SHARES in Optos, one of Scotland’s most promising technology companies, slumped to their lowest level for more than two years yesterday after a sharp drop in profits.
Pressure on health budgets in Europe and delays in the rollout of its retinal scanning device Daytona were blamed for a 90 per cent fall in profits at the Dunfermline-based firm in the first six months of the year.
Speaking to The Scotsman, chief executive Roy Davis admitted the company had not “delivered the numbers expected” but he said the “market opportunity and potential” for the company remained unchanged.
It has also announced a restructuring of its operations in the UK and US which will mean a facility in Canterbury will close and research and development activities carried out there moved to Fife, where it employs around 150.

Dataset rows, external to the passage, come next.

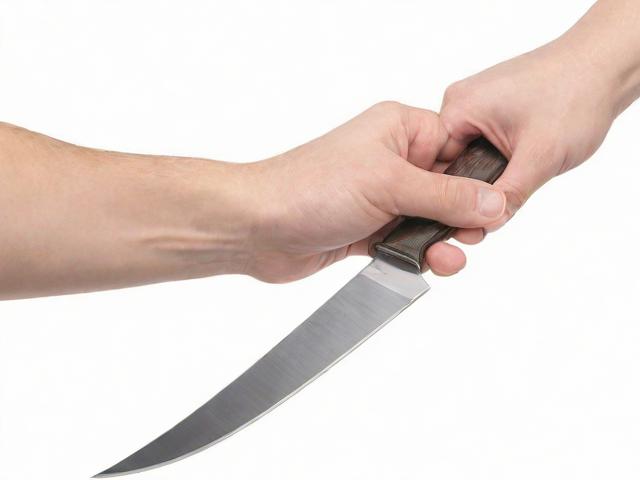 水刀治疗腋臭效果怎么样？详解水刀腋臭手术的原理与优势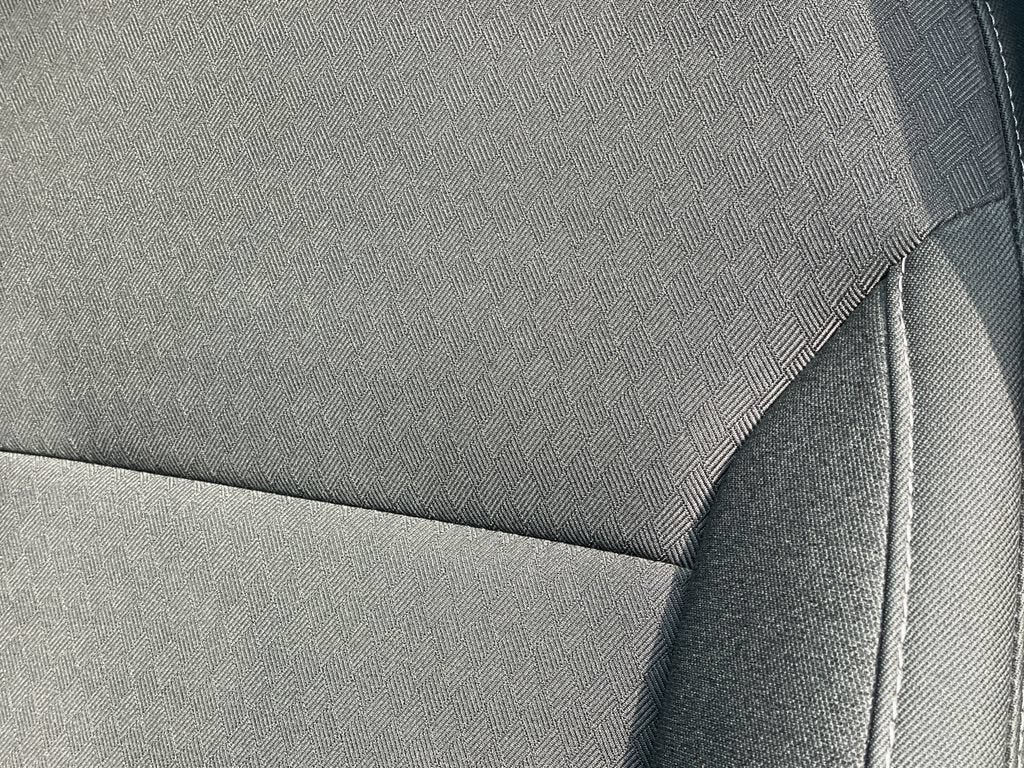 2020 GMC Sierra 2500 HD SLE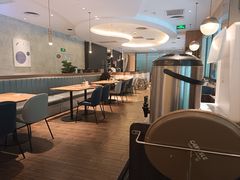 -必胜客(桂林中山店)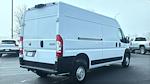 New 2026 Ram ProMaster 2500 High Roof Empty Cargo Van for sale #26R065 - photo 4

“In the last three years we have grown tremendously quickly, made two acquisitions and seen staff increase from 240 to 450. This realignment is about making sure we are best positioned for growth globally,” explained Davis.
For the six months to the end of March, pre-tax profits before one-off items were $700,000 (£460,000), down from $6.9 million for the same period a year ago. Total revenues fell to $73m, from $86.2m last time.
Sebastien Jantet of Investec, which has a “sell” rating on the shares, said the figures didn’t “make pretty reading”. Shares closed down 26.75p, or 16.7 per cent, at 133.25p.